__Supplied material__.
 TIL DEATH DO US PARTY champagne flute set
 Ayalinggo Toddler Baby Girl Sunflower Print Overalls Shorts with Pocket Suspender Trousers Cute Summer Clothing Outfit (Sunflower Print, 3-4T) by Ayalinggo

* * *

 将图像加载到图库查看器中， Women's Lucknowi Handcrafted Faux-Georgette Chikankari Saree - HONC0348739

__Task to complete__.
In the entries above, find the line holding "TIL DEATH DO US PARTY champagne flute set" and the line holding "Ayalinggo Toddler Baby", then retype exactly those two lines and every line between them, and nothing else.

__Answer for this exercise__.
 TIL DEATH DO US PARTY champagne flute set
 Ayalinggo Toddler Baby Girl Sunflower Print Overalls Shorts with Pocket Suspender Trousers Cute Summer Clothing Outfit (Sunflower Print, 3-4T) by Ayalinggo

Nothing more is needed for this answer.